ASSIGNMENT » Return only the lines of the data below from the line with "LOFT High Rise" up to and including the line with "Summer Simplicity Letter", exactly as written, with the pictures omitted.

DATA RECORDS »
==*==

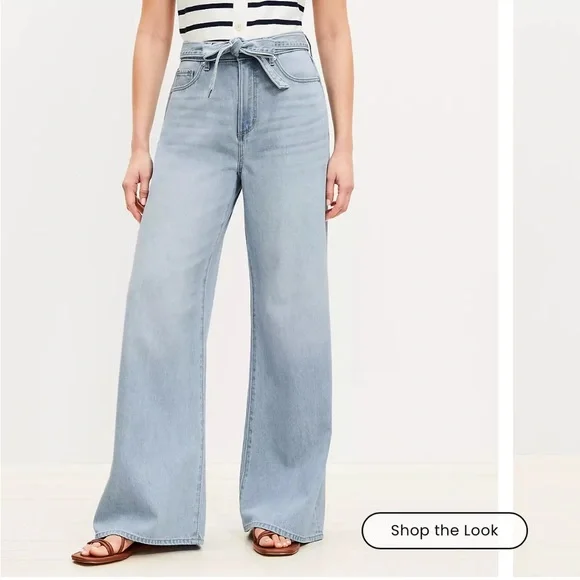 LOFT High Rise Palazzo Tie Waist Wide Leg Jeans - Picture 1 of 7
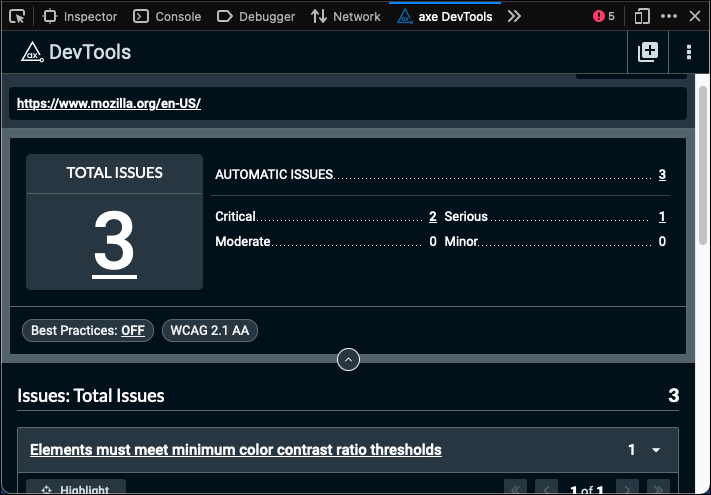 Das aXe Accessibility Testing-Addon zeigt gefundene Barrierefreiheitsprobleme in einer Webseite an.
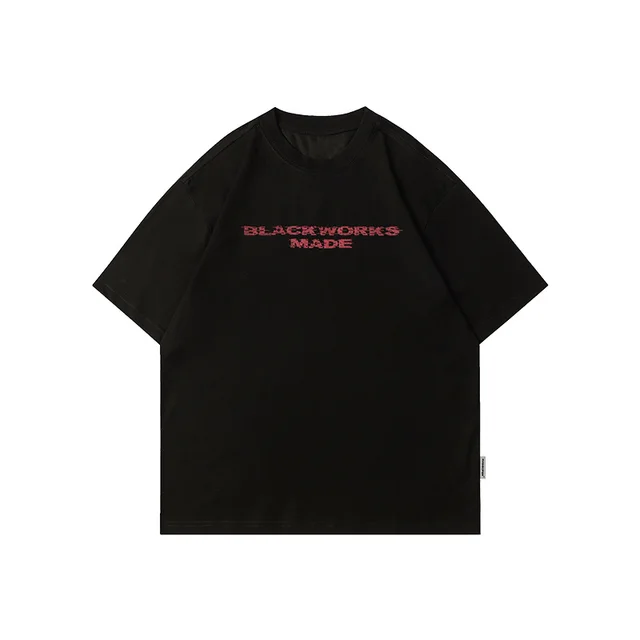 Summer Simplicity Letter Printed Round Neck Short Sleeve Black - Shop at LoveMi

==*==

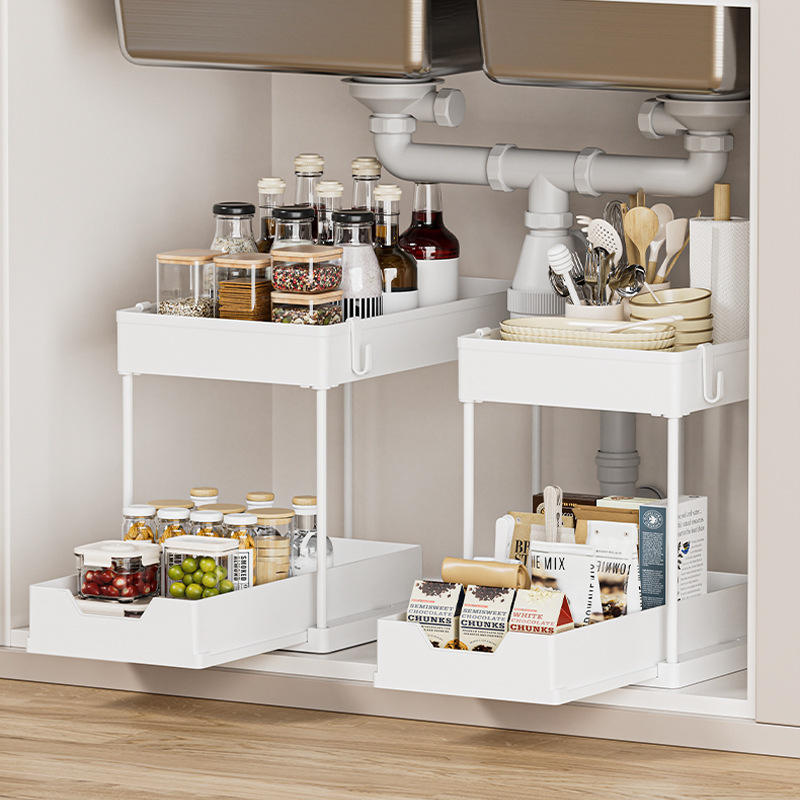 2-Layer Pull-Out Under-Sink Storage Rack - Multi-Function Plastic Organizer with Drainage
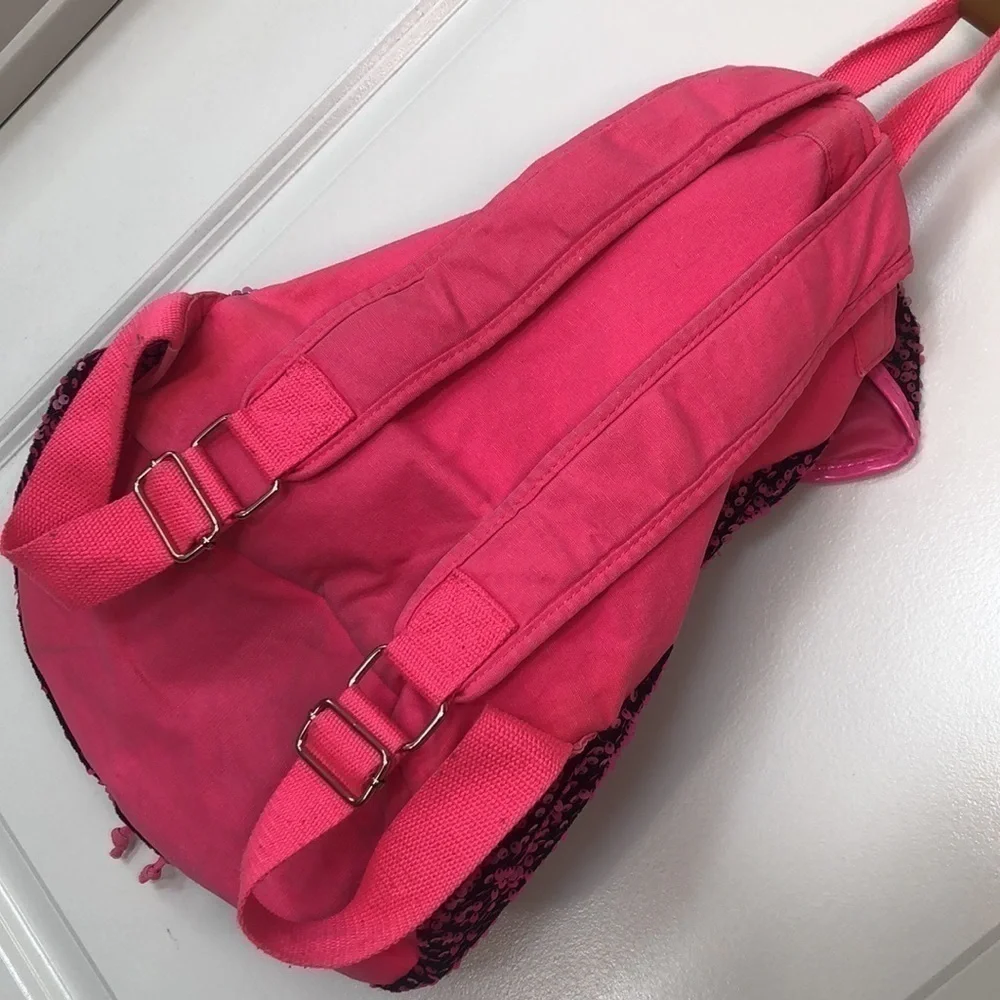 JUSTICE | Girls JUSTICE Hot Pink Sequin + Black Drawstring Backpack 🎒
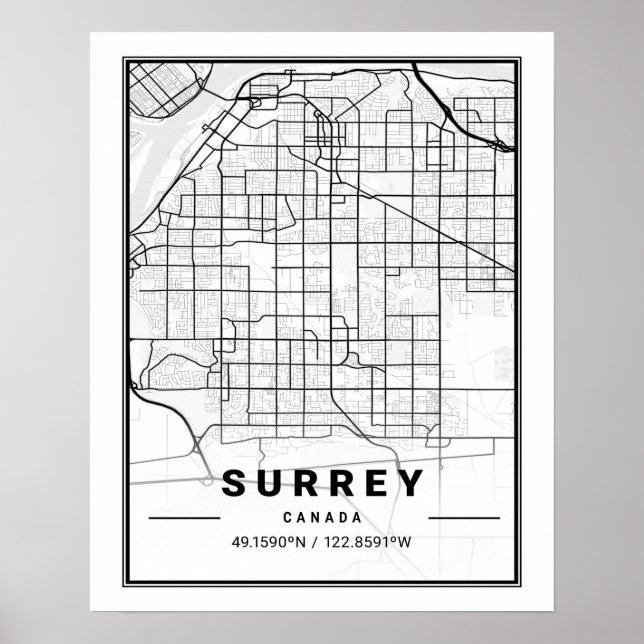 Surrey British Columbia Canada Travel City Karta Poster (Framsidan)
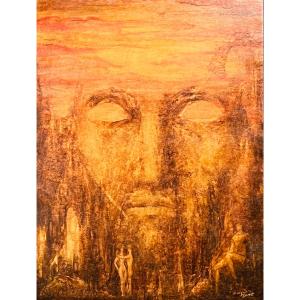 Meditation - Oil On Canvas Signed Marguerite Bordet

==*==

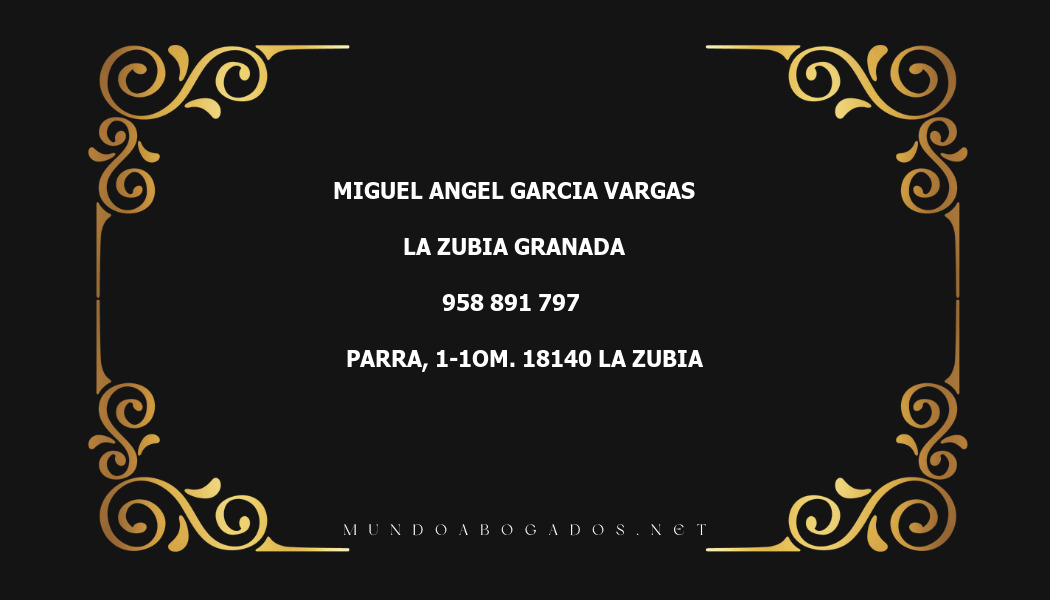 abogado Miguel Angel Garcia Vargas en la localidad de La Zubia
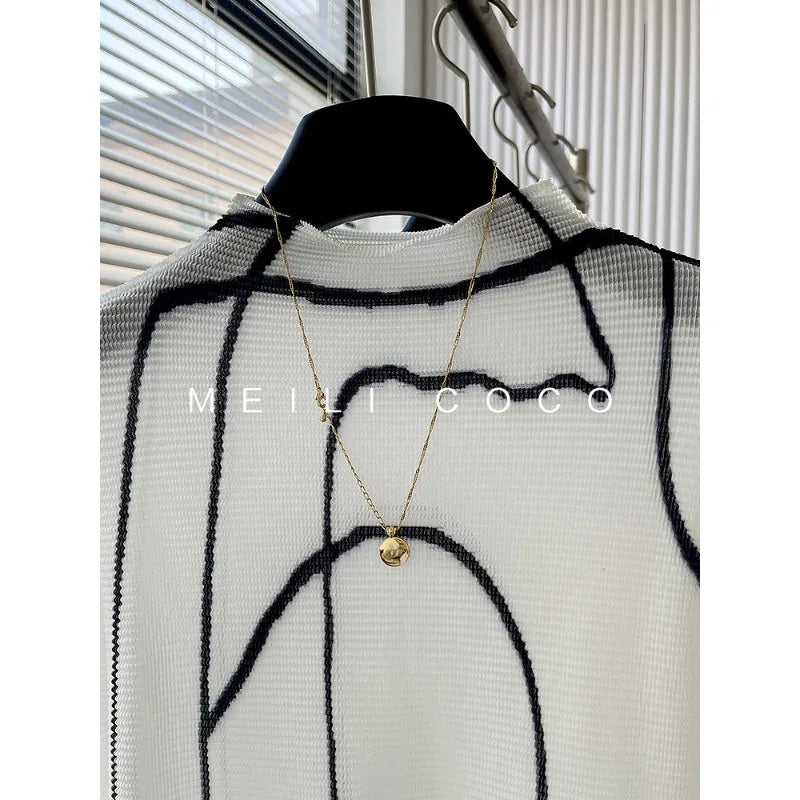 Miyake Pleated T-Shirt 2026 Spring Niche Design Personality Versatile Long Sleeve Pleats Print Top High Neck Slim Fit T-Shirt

==*==

SOLUTION FOR THIS TASK »
 LOFT High Rise Palazzo Tie Waist Wide Leg Jeans - Picture 1 of 7
 Das aXe Accessibility Testing-Addon zeigt gefundene Barrierefreiheitsprobleme in einer Webseite an.
 Summer Simplicity Letter Printed Round Neck Short Sleeve Black - Shop at LoveMi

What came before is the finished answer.